Si tenga a mente tuttavia il fatto che sono innanzitutto le classi dominanti italiane e occidentali, come dimostra in lungo e in largo Aldrovandi nel suo volume, a gioire dell’incensamento di Berlinguer mandato ad effetto dai suoi epigoni, carne e sangue del resto del segretario sardo, degna prole di cotanto padre. Tramite tale melliflua rievocazione, una melassa degna di ben altri fuochi[3], è il grande capitale che trionfa del suo successo ed esulta del fatto di aver portato a compimento i suoi piani mediante gli individui cui infliggeva un danno irreparabile, celebrando precisamente il soggetto, Enrico Berlinguer e il gruppo dirigente del Pci, che ha reso possibile la realizzazione dei suoi disegni a loro discapito.

Quale miglior congedo dai corrotti eredi del vecchio Pci e persino da coloro che lo hanno affossato che le parole di Kinsey Keene al loro mondo:

 

Well, what Cambronne said to Maitland

Ere the English fire made smooth the brow of the hill

Against the sinking light of day

Say I to you, and all of you.

 

Forlì, 24 marzo 2014                                                        Franco Soldani


[1] Si veda l’ultima rivelazione in merito sul Corriere della sera del 23 marzo 2014: I Servizi aiutarono le Br a rapire Moro e a uccidere la scorta.

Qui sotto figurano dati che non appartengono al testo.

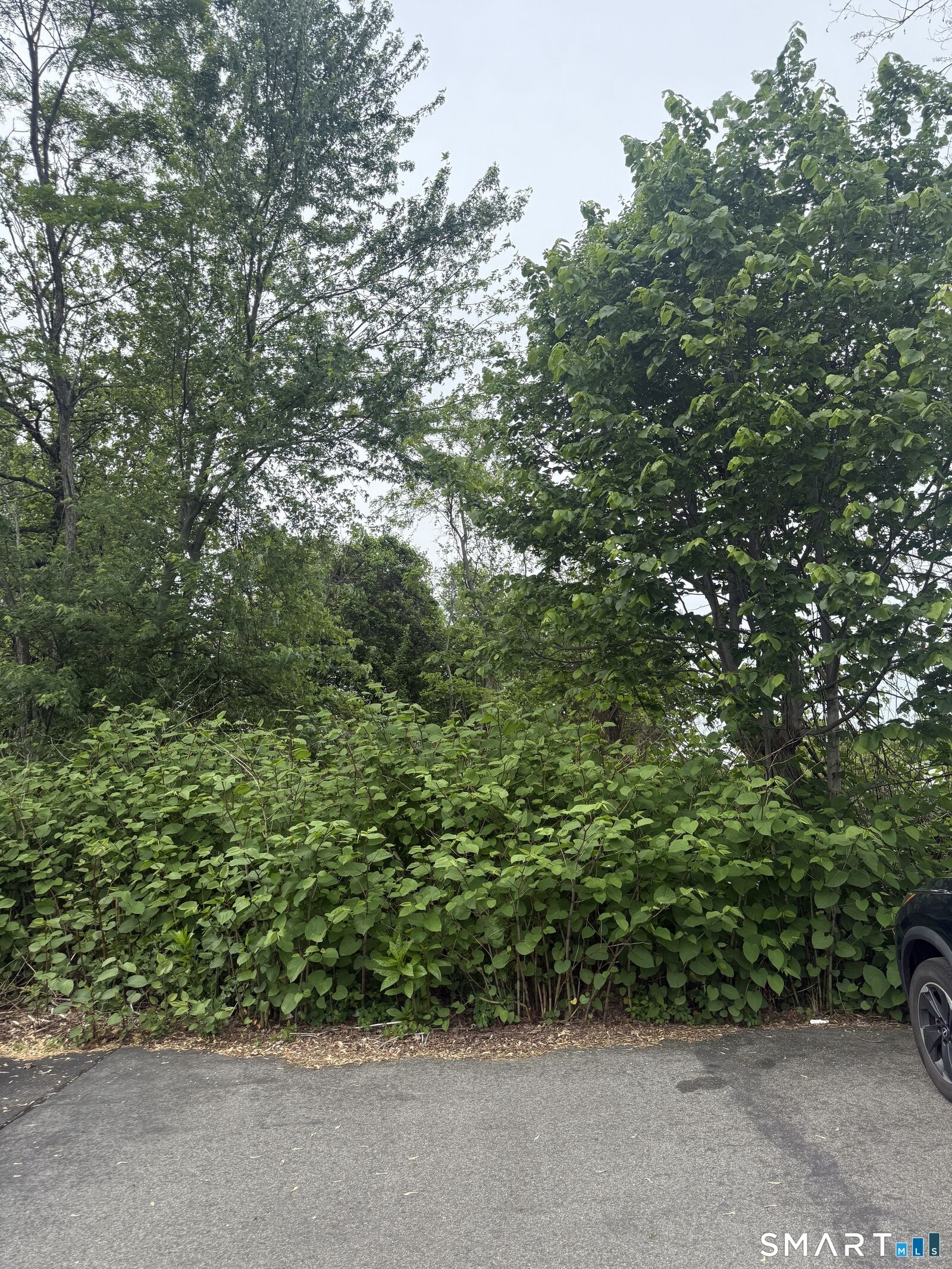 Property Photo: Middletown Avenue CT 06109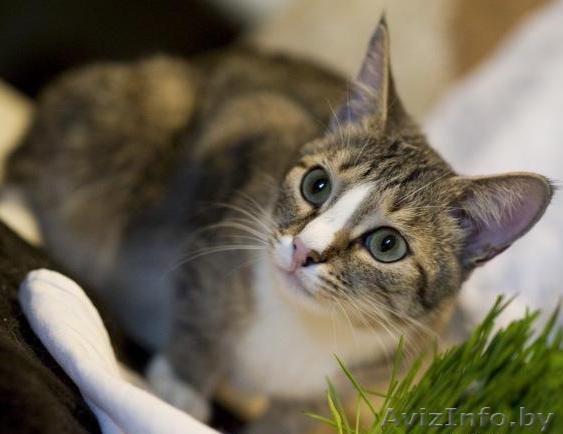 Маленькая кошечка серебристого окраса  - Изображение #1, Объявление #344172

[2] Si veda nel quotidiano La Stampa del 16 marzo 2014 l’articolo: Quando i comunisti mangiavano le oloturie

[3] Cfr. al proposito l’articolo di Michele Serra, quello che negli anni ’90 insieme a Gad Lerner teneva bordone al rampante D’Alema, sul giornale la Repubblica del 19 marzo 2014: Caro Enrico. Il rivoluzionario gentile che sognò un’altra politica. Della serie: quando la satira si applica a se stessa! Del resto, senza niente conoscere anch’egli del mondo contemporaneo, in questo suo compendio di aria fritta Serra ci fa sapere che la politica è ancora oggi «il motore del mondo». Ma lo vedi, avrebbe potuto dirgli Totò, che avresti fatto meglio a star zitto!